Although the entries contain pictures, repeat only their words, exactly as written.

→ **Records contained in a dataset**:

= = =

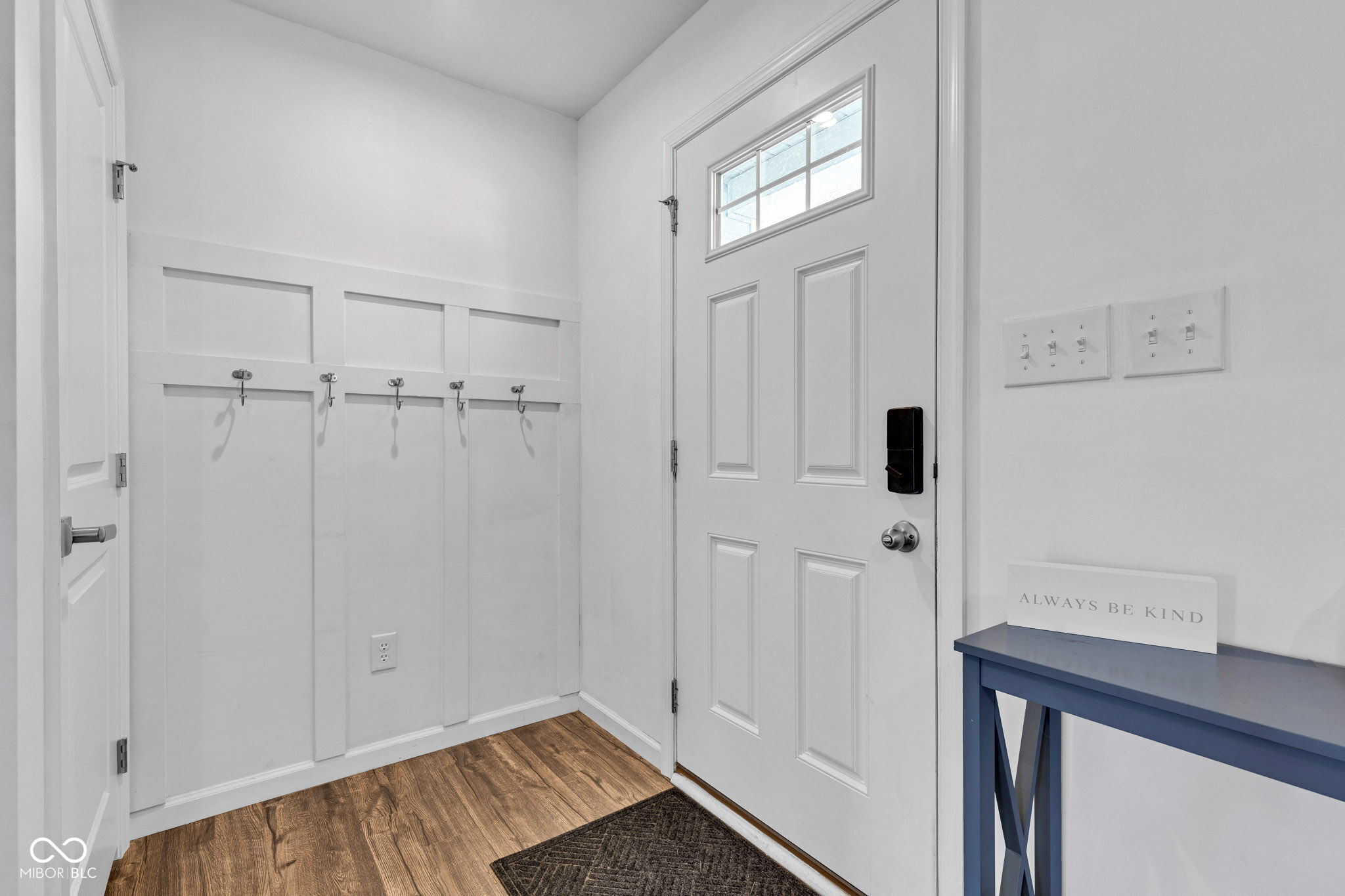 830 Sunchaser Road Lebanon, IN 46052 - Photo 6 of 57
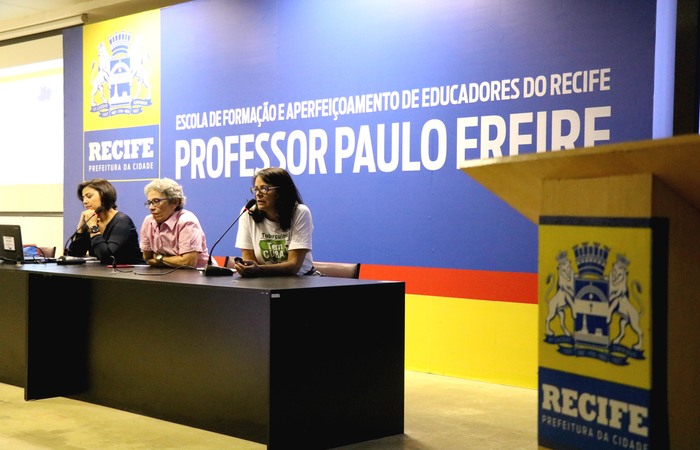 Foto: Ikamahã/Divulgação Sesau./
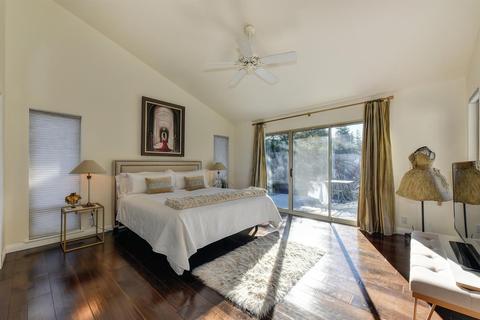 1240 Torrey St, Davis, CA 95618 photo 19
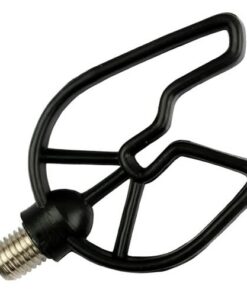 Giants fishing Rohatinka Match Rod Rest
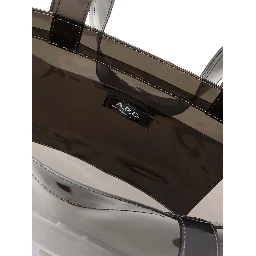 A.P.C. Bags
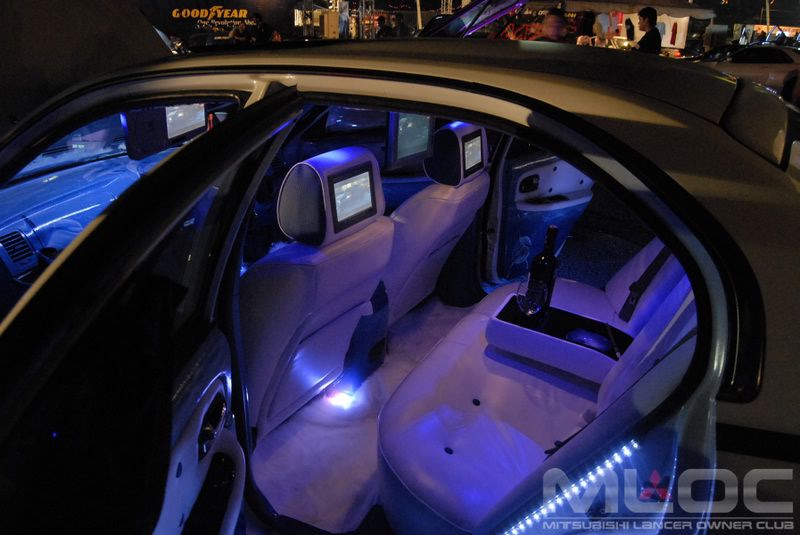 2007TXN_18.jpg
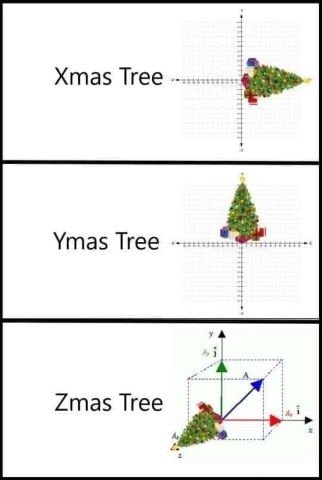 Xmas-Ymas-Zmas.jpg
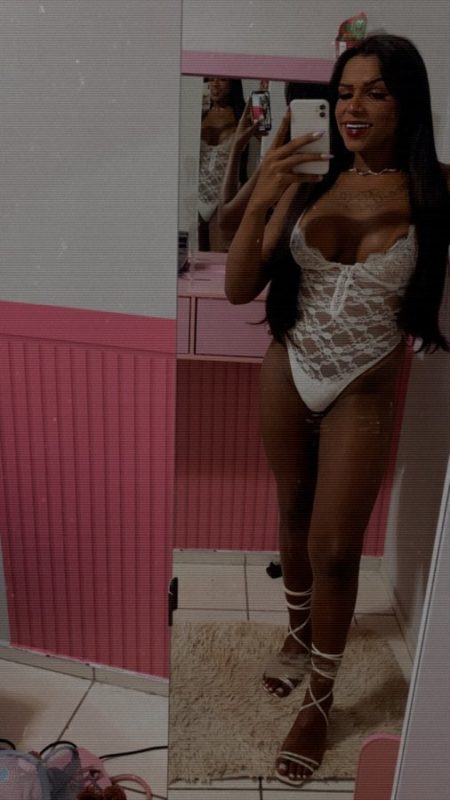 Miriadnny Muniz 3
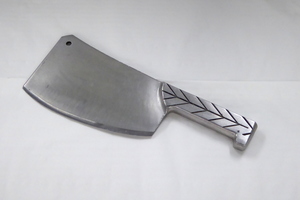 Cleaver/ Butcher´s knife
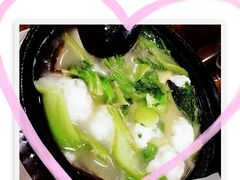 -日昌餐馆(亦庄店)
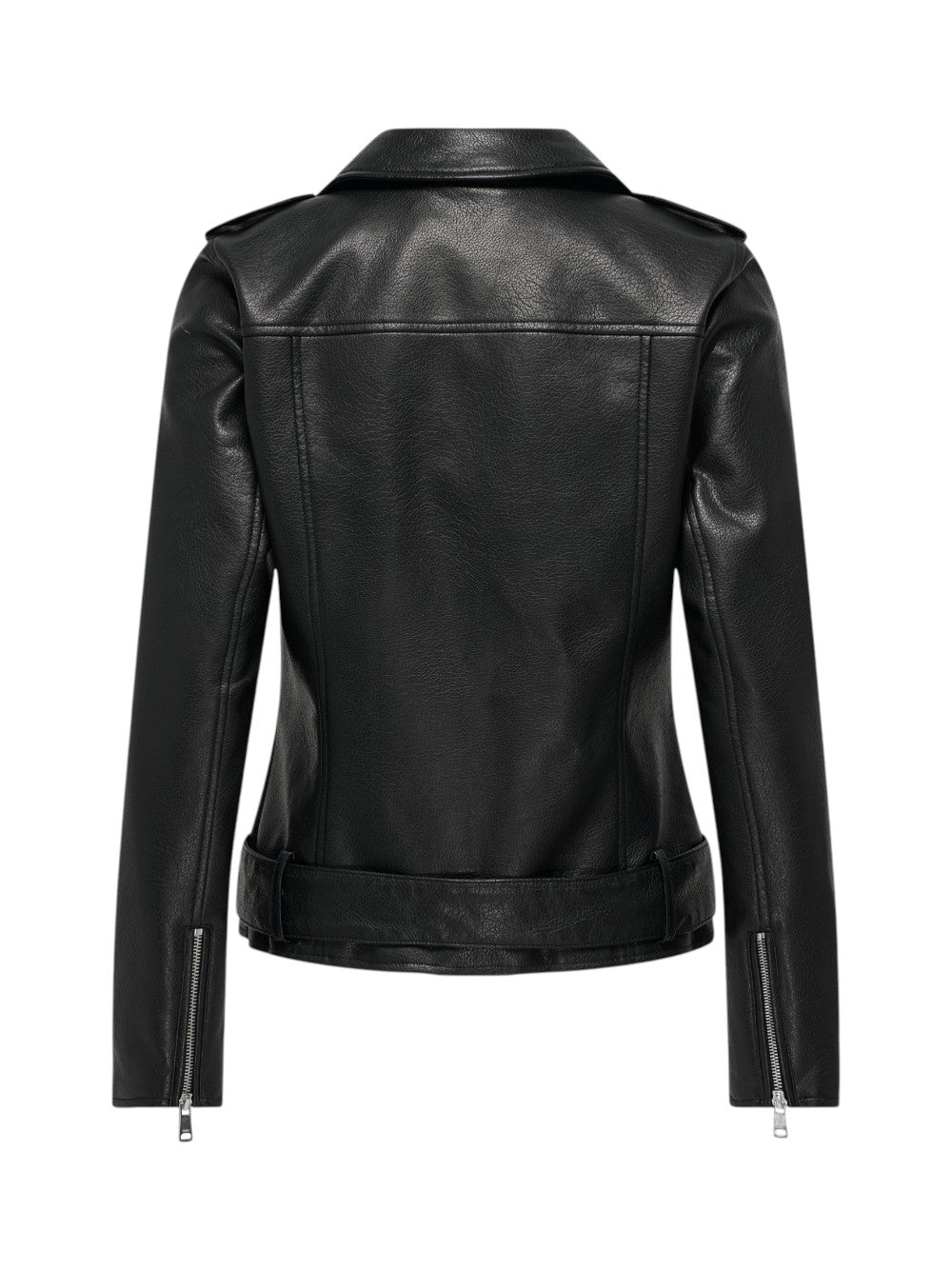 ONLY Giubbino Donna  15357332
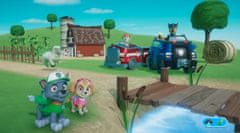 Outright Games Paw Patrol: On a Roll PS4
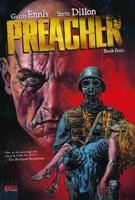 Preacher, Book Four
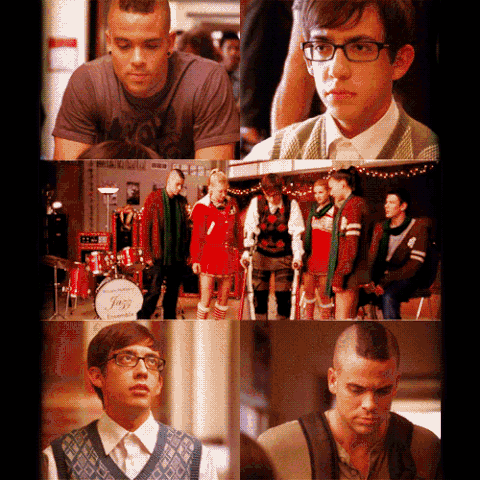 File:Tumblr ld469tWFOA1qb2xuuo1 500.gif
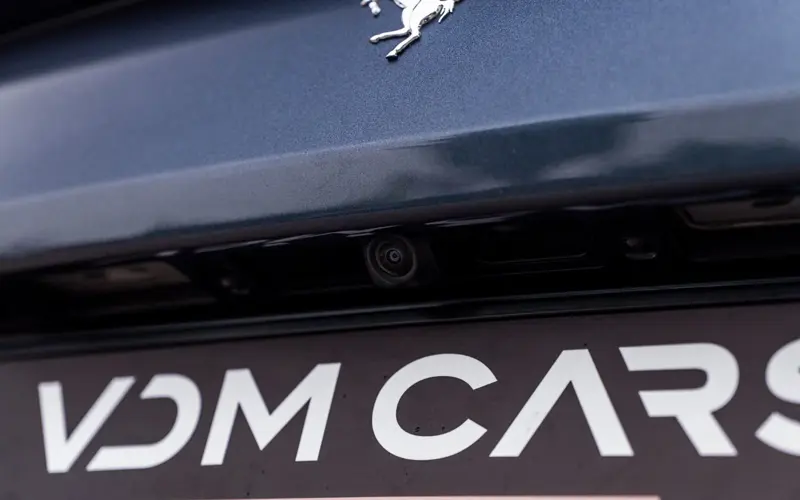 Ferrari Roma * WARRANTY 03/2028 * ADAS * P.DISPLAY * PPF * MADM *  - 171762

= = =

→ **RESPONSE TO THE EXERCISE**:
 830 Sunchaser Road Lebanon, IN 46052 - Photo 6 of 57
 Foto: Ikamahã/Divulgação Sesau./
 1240 Torrey St, Davis, CA 95618 photo 19
 Giants fishing Rohatinka Match Rod Rest
 A.P.C. Bags
 2007TXN_18.jpg
 Xmas-Ymas-Zmas.jpg
 Miriadnny Muniz 3
 Cleaver/ Butcher´s knife
 -日昌餐馆(亦庄店)
 ONLY Giubbino Donna  15357332
 Outright Games Paw Patrol: On a Roll PS4
 Preacher, Book Four
 File:Tumblr ld469tWFOA1qb2xuuo1 500.gif
 Ferrari Roma * WARRANTY 03/2028 * ADAS * P.DISPLAY * PPF * MADM *  - 171762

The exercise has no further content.